In the eighth case, Somalia, the milk marketing system was established by local women without outside involvement. Like Tiviski, they have a built-in commitment to making the chain function. Outsiders have tried to improve the marketing system by building infrastructure and providing equipment. This had met with only limited success, however: a dairy established by outsiders operates only part-time because it is poorly integrated with the local system. Nevertheless, it is difficult to see how this admirable local system can be improved further without an injection of outside capital and expertise in appropriate ways.
Building pastoralist institutions. As mentioned above, it is particularly difficult to build viable institutions in pastoralist societies, home to many local livestock breeds. The obstacles are formidable: lack of infrastructure and communication facilities, an absence of support services, vast distances, sparse populations, limited education, restrictions on women, a mobile lifestyle, an independent existence, suspicion of outsiders.
Of course, pastoralists have their own organizational structures, often based on kinship
ties, with rules that may be unique to particular societies. The Somalia case illustrates this:
the dominant institutional structure is the clan, which restricts sales of milk. It is only the women, who are outside the clan structure, who are able to circumvent these rules and create the marketing system. We may conjecture that similar restrictions apply in other pastoralist societies. Any attempt to develop niche markets for pastoralists’ products must take these characteristics into account.
EXTERNAL INFLUENCESWe now turn to two external influences on the eight cases: culture and government policy.
Caste. In India, only certain castes normally keep sheep or are engaged in activities such as slaughtering and tanning.
Mobility. Many livestock keepers have a pastoralist or transhumant lifestyle because their environment requires it: to feed their animals, they must take them where the grazing is, either up a mountain, or to a patch of land where it has rained recently.
This mobility makes it difficult to organize various types of production and marketing activities.
Independence. Perhaps because of this mobility, livestock keepers are often more independent than (say) crop farmers. Unlike farmers, they have the option of moving elsewhere if they do not feel they are benefiting from an activity. Often in conflict over scarce resources, they find it difficult to cooperate with people from rival clans.
And after years of pressure from governments to settle down and grow crops, they are often justifiably suspicious of well-meaning outsiders.

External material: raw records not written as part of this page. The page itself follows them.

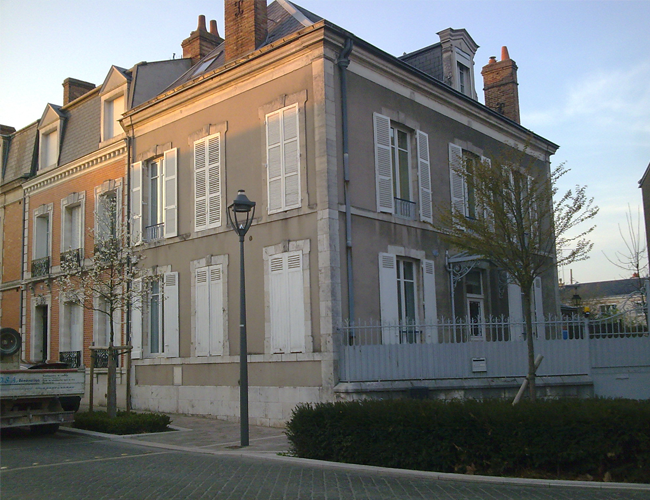 Manoir historique beige avec volets blancs et porche au coucher du soleil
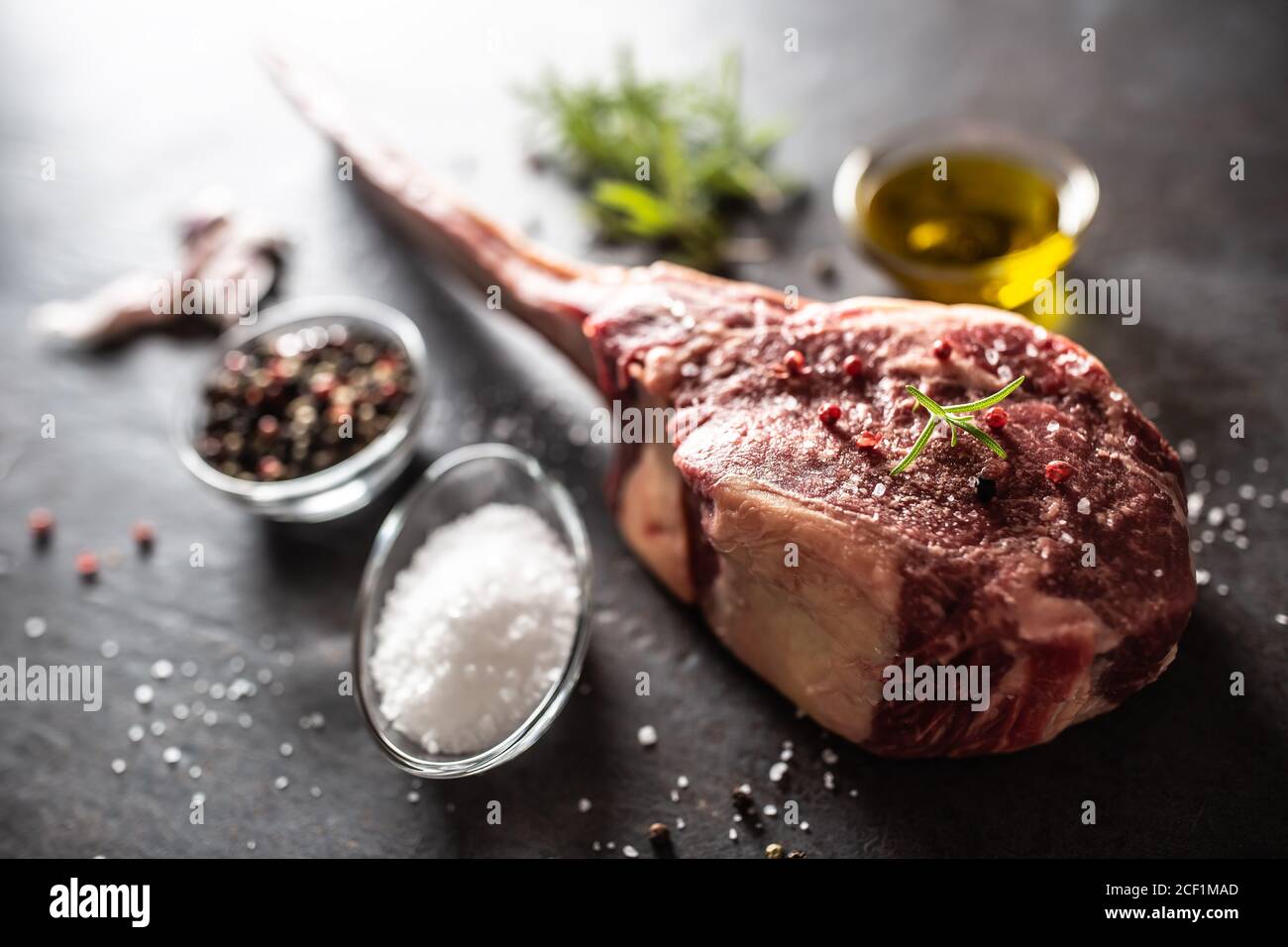 Raw tomahawk steak with salt spices garlic and herbs on a old rustic board Stock Photo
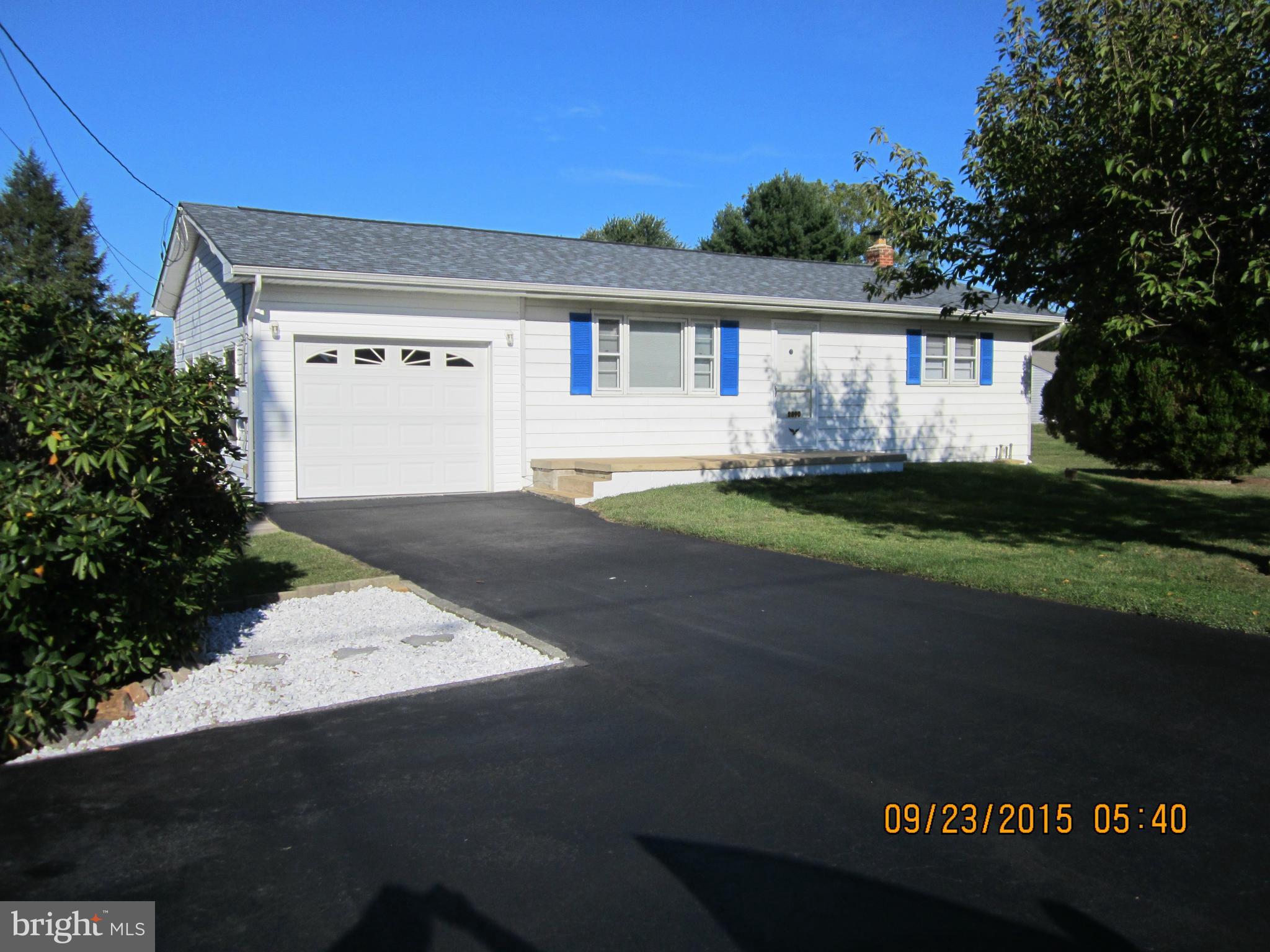2890 Singerly Road Elkton, MD 21921 - Photo 27 of 28 a front view of a house with a garden and yard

Marketing efforts link communities to the outside world, so inevitably induce cultural changes. They may undermine the livestock keepers’ culture, for example by empowering women (which outsiders usually see as a positive change), trivializing traditional products in order to please tourists, opening contacts with a consumer society, or encouraging mobile herders to settle in one place.
Sometimes the changes can reinforce the local culture, for example, by increasing the awareness and pride of local people and outsiders in their cultural values (including the local breeds), empowering local people to press for their interests, encouraging them to rediscover lost skills or reviving traditional handicrafts.
But perhaps the most important effect is to enable livestock keepers to generate a reliable income, allowing them to carry on their livelihoods. They are not forced to give up livestock keeping and move to the cities in search of employment.